─── MATERIAL SHOWN ───

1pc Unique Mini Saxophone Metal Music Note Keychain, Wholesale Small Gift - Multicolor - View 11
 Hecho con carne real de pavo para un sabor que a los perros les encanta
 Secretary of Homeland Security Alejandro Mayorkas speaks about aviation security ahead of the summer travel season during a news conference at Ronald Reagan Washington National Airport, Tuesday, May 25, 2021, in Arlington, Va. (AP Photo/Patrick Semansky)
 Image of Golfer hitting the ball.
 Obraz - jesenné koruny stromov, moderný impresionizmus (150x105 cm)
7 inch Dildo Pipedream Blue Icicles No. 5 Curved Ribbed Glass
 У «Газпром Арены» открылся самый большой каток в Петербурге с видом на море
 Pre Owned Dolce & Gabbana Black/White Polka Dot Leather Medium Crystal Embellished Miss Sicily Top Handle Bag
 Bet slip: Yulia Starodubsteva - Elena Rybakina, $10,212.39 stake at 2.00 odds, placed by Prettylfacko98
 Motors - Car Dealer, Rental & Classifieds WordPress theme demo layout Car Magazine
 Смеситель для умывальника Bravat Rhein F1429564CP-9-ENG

───

TASK DETAILS → Transcribe the records above from the line holding "видом на море" down to the line holding "Bet slip: Yulia", inclusive, without adding anything.

SOLUTION TO THIS EXERCISE →
 У «Газпром Арены» открылся самый большой каток в Петербурге с видом на море
 Pre Owned Dolce & Gabbana Black/White Polka Dot Leather Medium Crystal Embellished Miss Sicily Top Handle Bag
 Bet slip: Yulia Starodubsteva - Elena Rybakina, $10,212.39 stake at 2.00 odds, placed by Prettylfacko98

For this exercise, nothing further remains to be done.